▸ **Your task**: Pictures are not part of the copy. Set down exactly the lines from the one containing "Cover of: Etudes" through the last line of the material below.

▸ **Dataset section**:
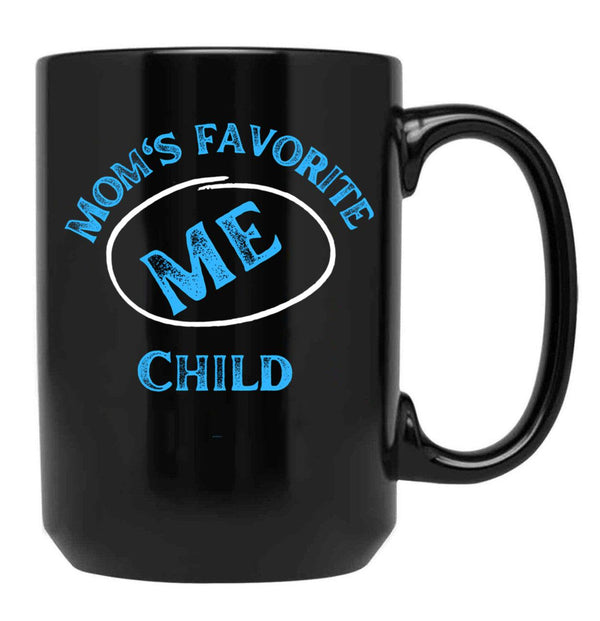 Favorite Child 3 Black Coffee Mug, Gift Coffee Mug - Black
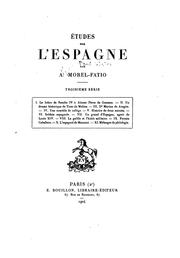 Cover of: Etudes sur lʾEspagne by Alfred Paul Victor Morel-Fatio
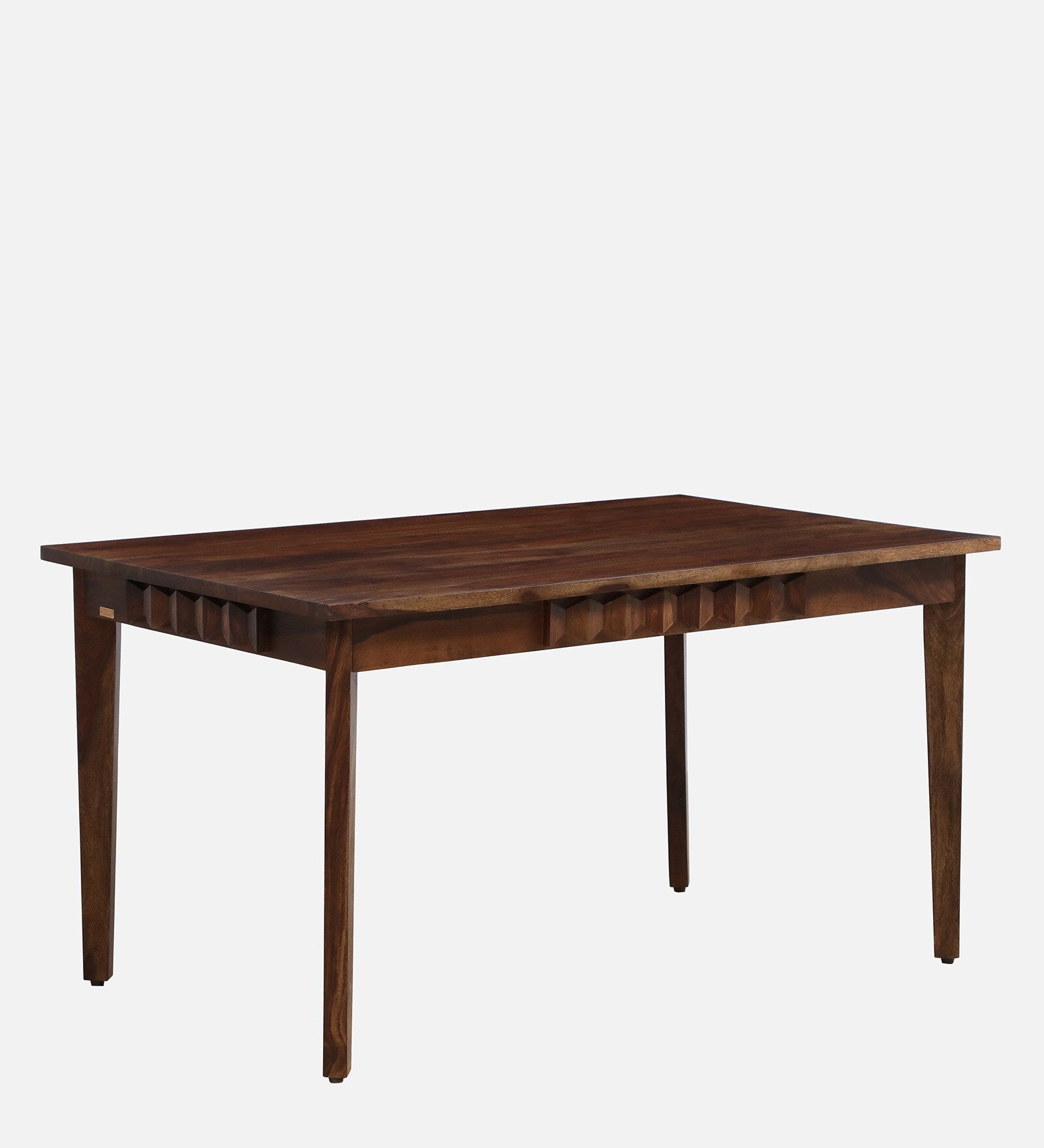 Alford Solid Wood 6 Seater Dining Table In Provincial Teak Finish By Rajwada - Rajwada Furnish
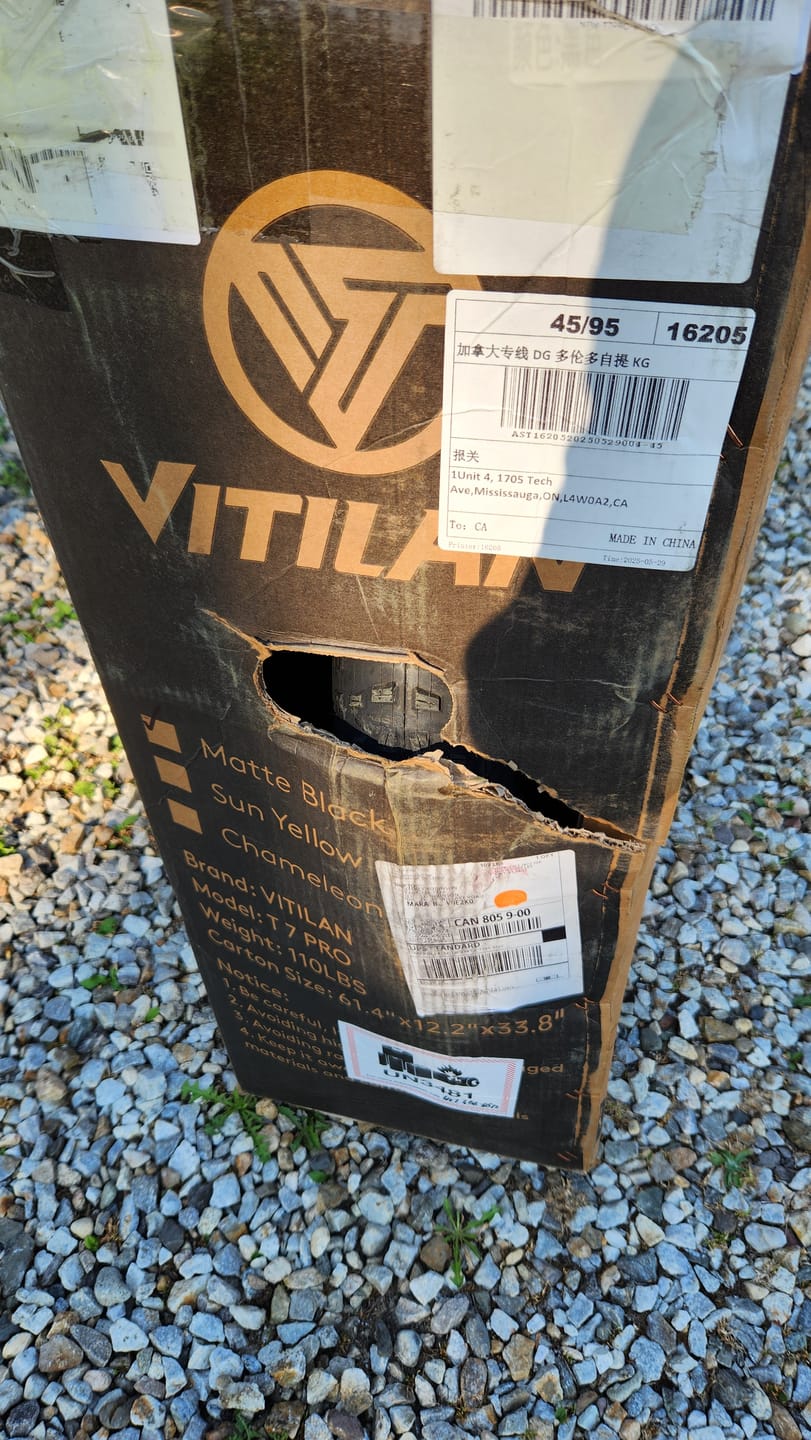 Customer photo review of Shipping Protection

▸ **Task answer**:
 Cover of: Etudes sur lʾEspagne by Alfred Paul Victor Morel-Fatio
 Alford Solid Wood 6 Seater Dining Table In Provincial Teak Finish By Rajwada - Rajwada Furnish
 Customer photo review of Shipping Protection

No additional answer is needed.